Professor Jason Cong, the Volgenau Chair for Engineering Excellence at UCLA, has been honored with the 10-Year Retrospective Most Influential Paper Award at the 2025 IEEE/ACM International Conference on Computer-Aided Design (ICCAD). The award recognizes the lasting impact of the 2016 paper, “Caffeine: Towards uniformed representation and acceleration for deep convolutional neural networks.” Professor Cong co-authored this paper with Chen Zhang, Zhenman Fang, Peipei Zhou, and Peichen Pan.

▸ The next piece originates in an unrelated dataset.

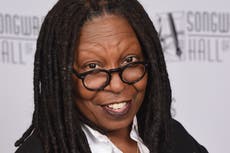 ¿Por qué ABC News suspendió a Whoopi Goldberg del programa ‘The View’?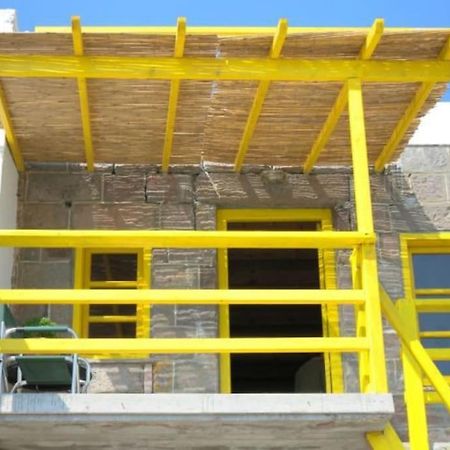 The Yellow Boat House Klima  Esterno foto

The paper presented Caffeine, a full-stack design automation tool that synthesizes deep neural networks specifically onto field-programmable gate-arrays (FPGA). At the hardware level, it automatically extracts operator sets from AI models, optimally maps them to a reconfigurable intermediate representation, and generates efficient FPGA hardware implementations. At the software level, it automatically generates instruction streams based on the hardware configuration (matrix engines, caches, pipelines, etc.), optimizing operator scheduling and memory management.

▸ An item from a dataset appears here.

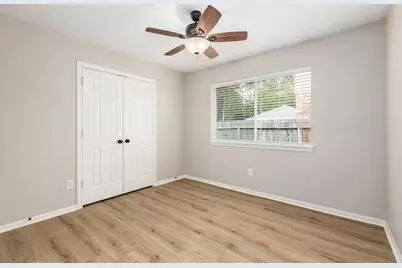14618 Kings Head Drive, Houston, TX 77044 - Photo 34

Deep neural networks are built from distinct computational stages called layers. Before Caffeine, most FPGA accelerators focused only on the convolution layers, which limited performance at the fully-connected layers. Caffeine introduced a novel unified convolutional representation to efficiently accelerate the entire network on a single FPGA. This approach included key techniques like automated memory access transformation to solve the critical challenge of optimizing for the limited memory bandwidth of FPGAs. The paper’s lasting influence is highlighted by its nearly 800 citations, including from nearly every major company in the AI hardware acceleration industry such as AMD, Google, Intel, and Nvidia.
Cong received his Ph.D. in Computer Science from UIUC in 1990. He directs the Center for Domain-Specific Computing and the VAST Laboratory at UCLA. A leading researcher in VLSI, customizable, and quantum computing, he is a member of the National Academy of Engineering and a Fellow of ACM, IEEE, and NAI. He has received top honors including the IEEE Robert N. Noyce Medal and the ACM Charles P. Thacker Breakthrough Award. He also co-founded successful startups such as AutoESL (acquired by Xilinx) and Falcon Computing (acquired by AMD).